Linear Combinations and the Multiple Comparison Problem
Objectives
Recognize the limitations of the alternative hypothesis in an ANOVA F-test.
Construct and interpret linear combinations of group means.
Understand the need for multiple comparison procedures and when to apply them.
Apply methods such as Bonferroni and Dunnett to test planned and unplanned comparisons.
Fallacies in Hypothesis Testing
False causality: A small p-value does not indicate causation. Causality can only be inferred from randomized experiments, not observational studies.
Accepting the null: We should say there is “no evidence of a difference,” not that the null hypothesis is true. There is not enough evidence to suggest the observed difference is due to anything other than chance.
Statistical vs. practical significance: Statistical significance does not imply practical importance. Evaluate practical significance using power, effect size, and confidence intervals.
Differences that are statistically but not practically significant may arise due to large sample sizes.
If a difference is practically significant but not statistically significant, more data may be needed.
Data dredging: Avoid fishing for significance (data snooping). This can lead to publication bias against negative results.
Good statistics from bad data: Biased or non-random data compromise conclusions. Experimental design determines which inferences and statistical methods are valid.
Linear Combination of Group Means
ANOVA allows only pairwise comparisons of means and does not account for meaningful structure across groups. In practice, you may wish to compare the average of several means to a single group, or to the average of others.
The ANOVA F-test serves as an initial screening tool for detecting any overall differences in means. If the F-test is significant, follow-up tests can be considered.
Linear Contrasts
A linear combination of group means is defined as: \[
\gamma = C_1\mu_1 + C_2\mu_2 + \dots + C_I\mu_I
\] where \(\gamma\) represents the linear combination and the \(C_i\) are coefficients. When the coefficients sum to zero, the combination is called a contrast.

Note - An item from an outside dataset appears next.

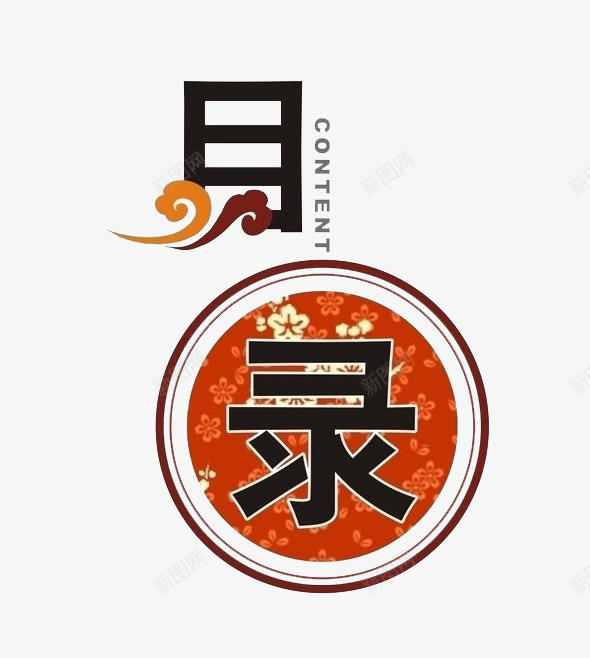 目录png免抠素材_新图网 https://ixintu.com 目录中国风艺术字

Estimate \(\gamma\) using \(g = C_1\bar{x}_1 + C_2\bar{x}_2 + \dots + C_I\bar{x}_I\), where \(\bar{x}_i\) are group sample means.
The standard error of \(g\), denoted \(SE(g)\), is given by: \[
SE(g) = S_p \sqrt{\frac{C_1^2}{n_1} + \frac{C_2^2}{n_2} + \dots + \frac{C_I^2}{n_I}}
\] where \(S_p\) is the pooled standard deviation.
Even when comparing only two groups (i.e., the other coefficients and terms under the square root are zero), the pooled standard deviation is used under the assumption of equal variances across all groups.
The t-statistic for testing contrasts is: \[
t_{\alpha, df} = \frac{g - \gamma}{SE(g)}
\] where \(g\) is the observed linear combination, \(\gamma\) is the hypothesized value (e.g., \(\gamma = 0\)), and \(df\) is the degrees of freedom associated with \(S_p\).
Steps for a Linear Contrast Test
Summarize the data: Obtain group means, sample sizes, and the pooled standard deviation from the ANOVA model (e.g., RMSE).
Specify the coefficients: Choose \(C_i\) values such that \(\sum C_i = 0\).
Estimate the contrast: Compute the linear combination \(g\) using the sample means and chosen coefficients.
Compute the standard error: Calculate \(SE(g)\) using the formula above.
Construct confidence intervals: \[
CI = g \pm t_{\alpha, df} \cdot SE(g)
\]
Perform the test: Calculate the t-statistic to assess the contrast.
Simultaneous Inferences
When testing multiple contrasts or pairwise comparisons, the risk of a Type I error increases. Adjustments to significance levels or p-values are needed to maintain the overall error rate.
Distinguish between:
Individual confidence level: The probability that a single interval captures its parameter (\(1 - \alpha\)).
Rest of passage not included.